=== Section Start ===

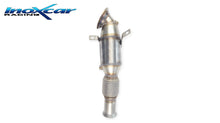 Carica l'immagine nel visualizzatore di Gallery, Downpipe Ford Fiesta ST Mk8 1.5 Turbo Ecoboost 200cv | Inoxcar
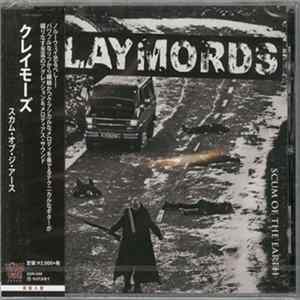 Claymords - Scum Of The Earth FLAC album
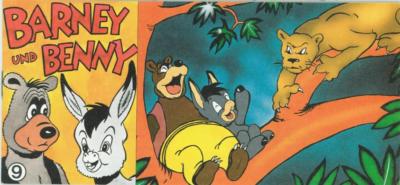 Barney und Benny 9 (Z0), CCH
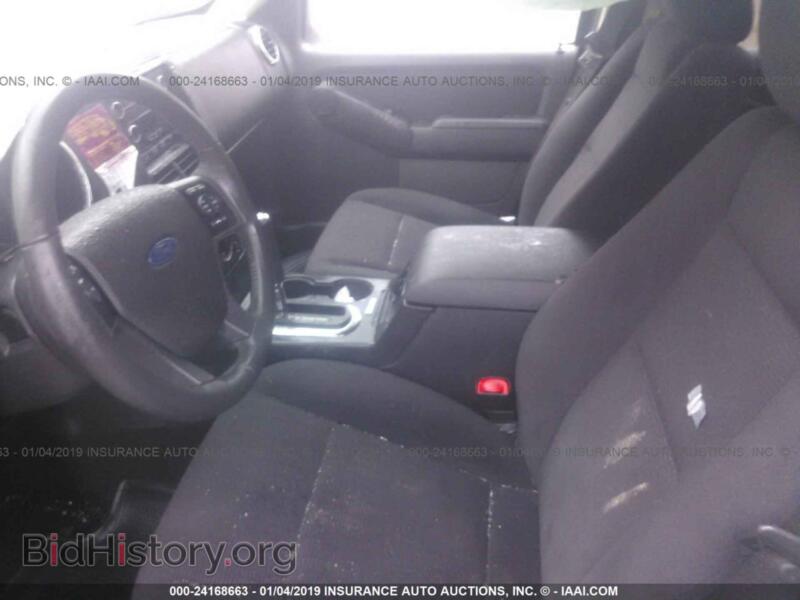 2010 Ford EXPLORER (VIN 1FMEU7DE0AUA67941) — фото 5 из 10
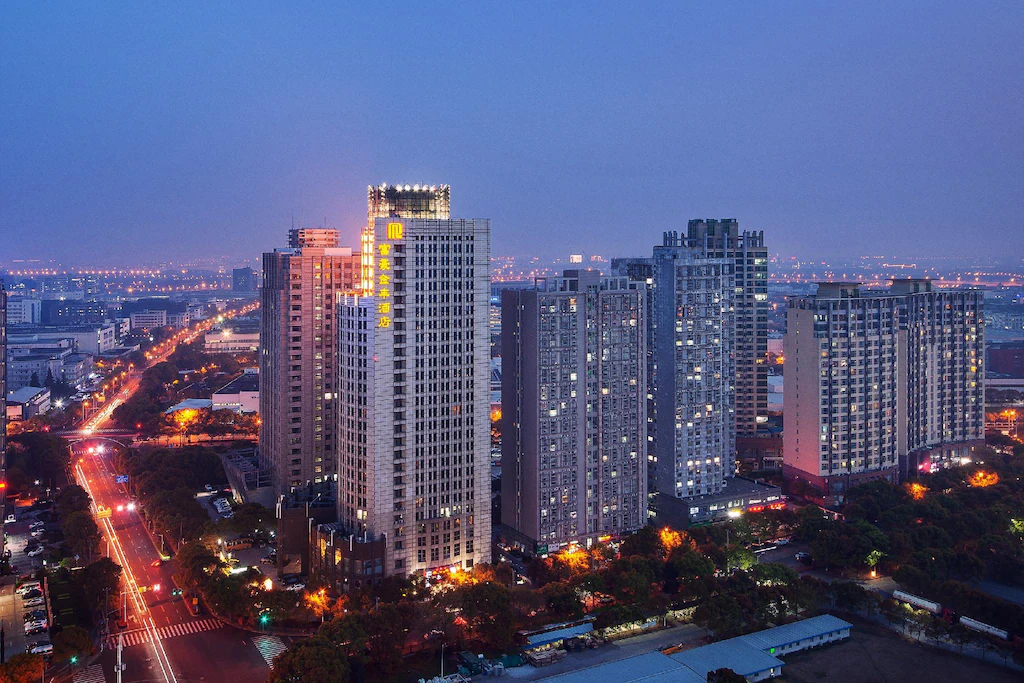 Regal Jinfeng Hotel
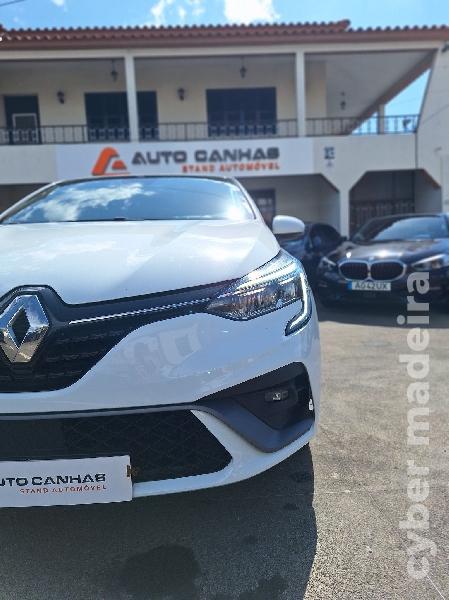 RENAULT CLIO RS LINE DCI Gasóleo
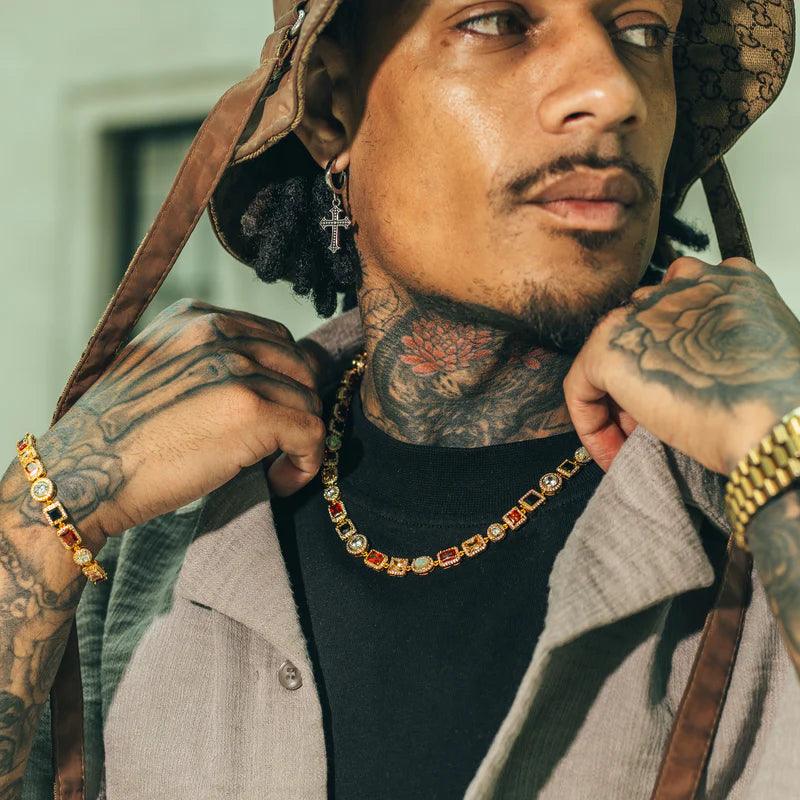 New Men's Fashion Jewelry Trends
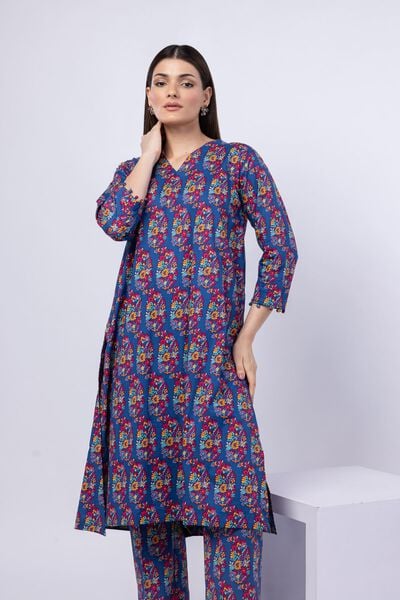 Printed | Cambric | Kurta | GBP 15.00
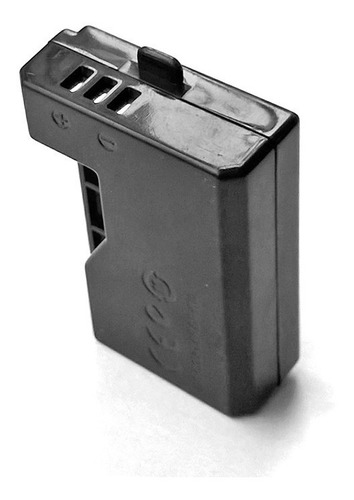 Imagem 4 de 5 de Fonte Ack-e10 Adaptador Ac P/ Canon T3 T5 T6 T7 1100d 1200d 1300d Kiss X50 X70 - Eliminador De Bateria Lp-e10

=== Section End ===

Task to carry out: Transcribe, word for word, the line holding "RENAULT CLIO RS LINE DCI Gasóleo" and all lines after it in the entries above, ending with the last. Only those lines; no pictures.

Output of the task:
 RENAULT CLIO RS LINE DCI Gasóleo
 New Men's Fashion Jewelry Trends
 Printed | Cambric | Kurta | GBP 15.00
 Imagem 4 de 5 de Fonte Ack-e10 Adaptador Ac P/ Canon T3 T5 T6 T7 1100d 1200d 1300d Kiss X50 X70 - Eliminador De Bateria Lp-e10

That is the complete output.